==== SOURCE DATA

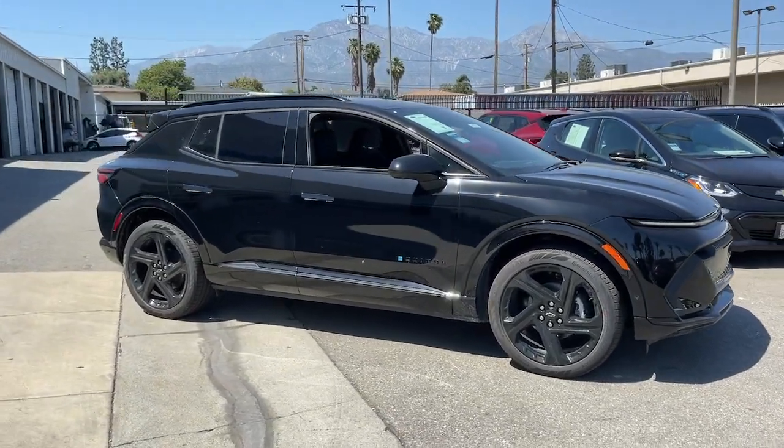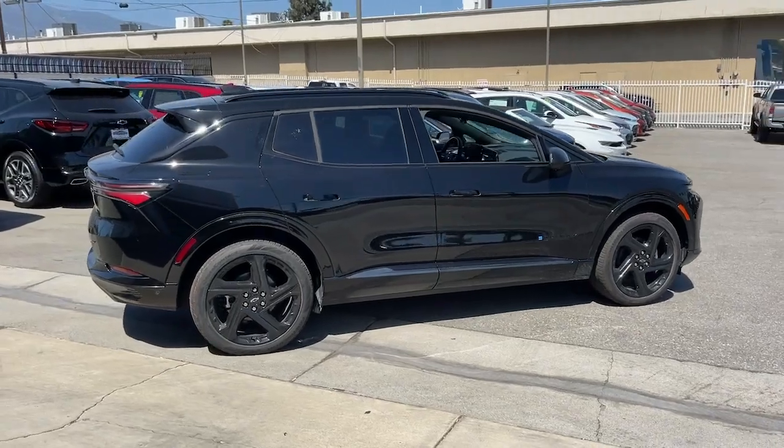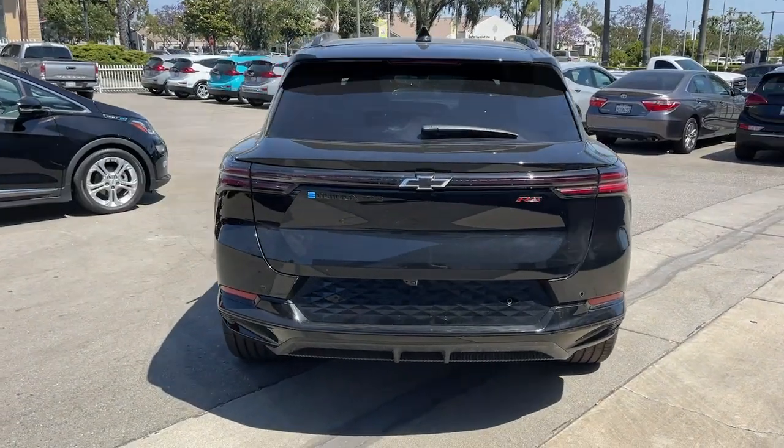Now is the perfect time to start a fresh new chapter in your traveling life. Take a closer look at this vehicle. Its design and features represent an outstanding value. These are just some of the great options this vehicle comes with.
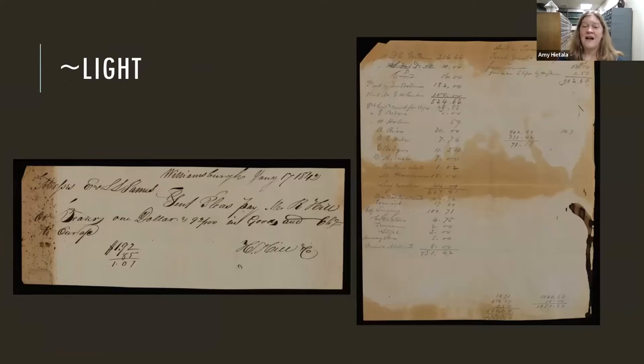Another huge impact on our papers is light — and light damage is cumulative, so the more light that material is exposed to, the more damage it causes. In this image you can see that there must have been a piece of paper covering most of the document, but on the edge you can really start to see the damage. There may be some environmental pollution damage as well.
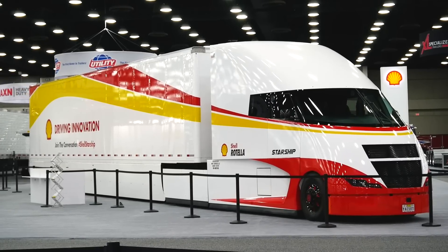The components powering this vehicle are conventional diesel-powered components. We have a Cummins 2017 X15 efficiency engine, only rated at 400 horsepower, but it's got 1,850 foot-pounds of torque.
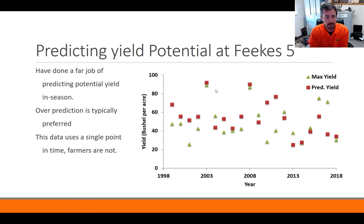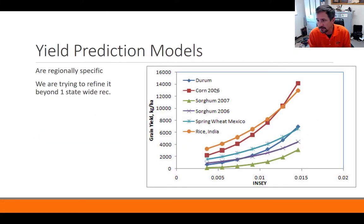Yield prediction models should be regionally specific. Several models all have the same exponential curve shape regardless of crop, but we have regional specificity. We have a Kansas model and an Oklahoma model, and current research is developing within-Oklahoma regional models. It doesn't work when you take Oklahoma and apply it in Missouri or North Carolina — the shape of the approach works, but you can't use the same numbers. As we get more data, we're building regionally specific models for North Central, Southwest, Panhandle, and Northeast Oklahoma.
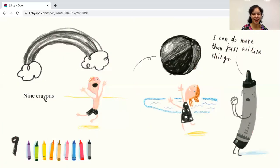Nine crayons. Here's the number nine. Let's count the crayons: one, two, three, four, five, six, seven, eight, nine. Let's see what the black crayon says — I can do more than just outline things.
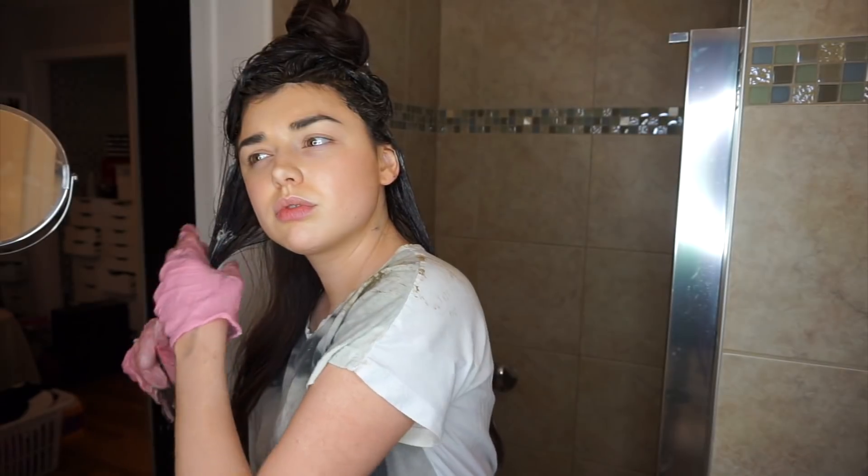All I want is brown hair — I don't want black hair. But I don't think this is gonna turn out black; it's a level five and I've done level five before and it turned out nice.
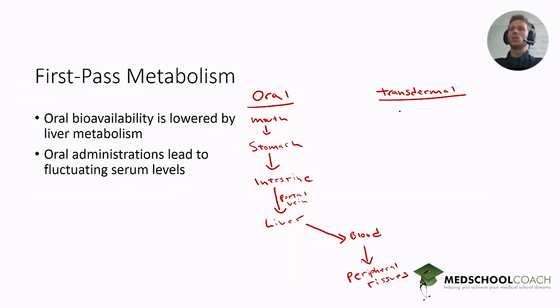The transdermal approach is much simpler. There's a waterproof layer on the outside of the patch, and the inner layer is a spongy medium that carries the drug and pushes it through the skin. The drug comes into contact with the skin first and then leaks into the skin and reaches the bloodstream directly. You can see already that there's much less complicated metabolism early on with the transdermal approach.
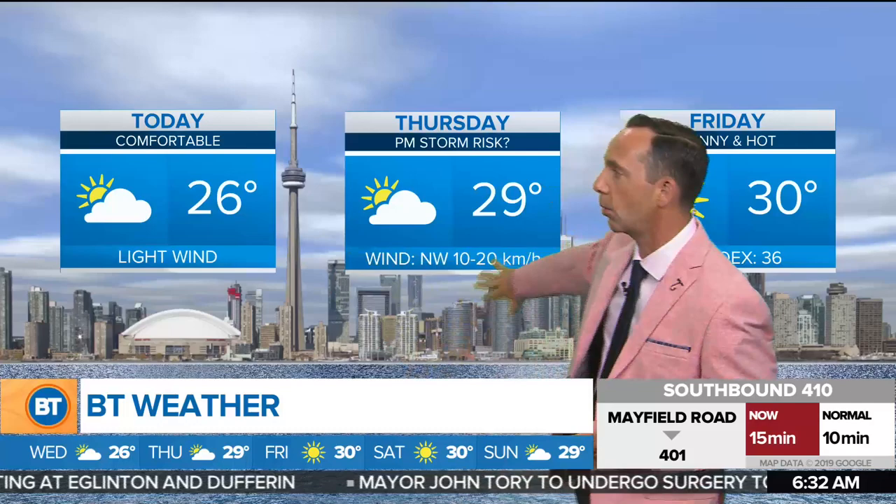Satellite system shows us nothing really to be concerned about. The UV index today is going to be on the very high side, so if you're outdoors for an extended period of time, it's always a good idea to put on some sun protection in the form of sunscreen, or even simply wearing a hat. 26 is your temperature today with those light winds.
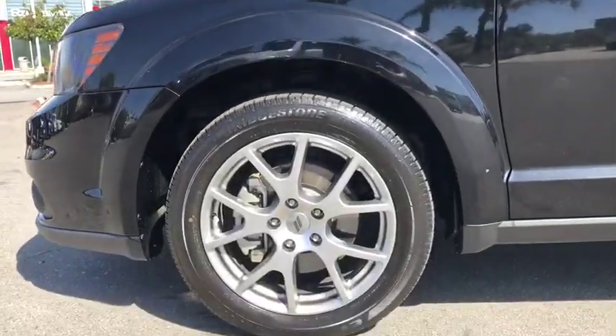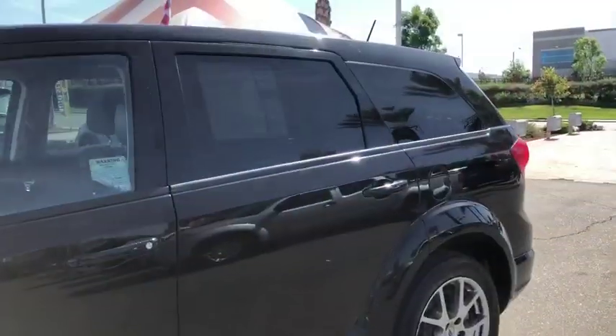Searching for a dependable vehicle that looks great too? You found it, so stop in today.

========
==== SOURCE DATA

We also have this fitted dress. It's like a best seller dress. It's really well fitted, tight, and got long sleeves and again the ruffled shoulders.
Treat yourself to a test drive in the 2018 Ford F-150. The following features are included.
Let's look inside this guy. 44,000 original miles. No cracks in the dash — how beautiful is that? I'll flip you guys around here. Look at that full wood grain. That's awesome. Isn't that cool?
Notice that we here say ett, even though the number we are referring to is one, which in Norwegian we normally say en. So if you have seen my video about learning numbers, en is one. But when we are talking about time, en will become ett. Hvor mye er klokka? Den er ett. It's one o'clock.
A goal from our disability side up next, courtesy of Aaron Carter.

========
==== SOURCE DATA

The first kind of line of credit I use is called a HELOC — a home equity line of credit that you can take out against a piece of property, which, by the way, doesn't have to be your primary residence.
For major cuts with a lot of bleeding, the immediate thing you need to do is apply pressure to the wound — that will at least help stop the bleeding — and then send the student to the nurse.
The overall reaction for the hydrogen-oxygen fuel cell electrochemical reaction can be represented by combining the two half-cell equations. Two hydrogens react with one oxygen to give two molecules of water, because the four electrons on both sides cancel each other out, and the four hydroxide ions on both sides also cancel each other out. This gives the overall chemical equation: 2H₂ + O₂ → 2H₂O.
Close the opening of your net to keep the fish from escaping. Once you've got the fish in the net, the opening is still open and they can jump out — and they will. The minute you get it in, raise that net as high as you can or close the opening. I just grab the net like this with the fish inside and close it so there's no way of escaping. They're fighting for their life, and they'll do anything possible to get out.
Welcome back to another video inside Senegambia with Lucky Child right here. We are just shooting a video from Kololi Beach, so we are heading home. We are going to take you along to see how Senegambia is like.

========

*YOUR GOAL:*
Search the entries for the string "like". Copy every line that has it.

*REPLY TO THE TASK:*
We also have this fitted dress. It's like a best seller dress. It's really well fitted, tight, and got long sleeves and again the ruffled shoulders.
Close the opening of your net to keep the fish from escaping. Once you've got the fish in the net, the opening is still open and they can jump out — and they will. The minute you get it in, raise that net as high as you can or close the opening. I just grab the net like this with the fish inside and close it so there's no way of escaping. They're fighting for their life, and they'll do anything possible to get out.
Welcome back to another video inside Senegambia with Lucky Child right here. We are just shooting a video from Kololi Beach, so we are heading home. We are going to take you along to see how Senegambia is like.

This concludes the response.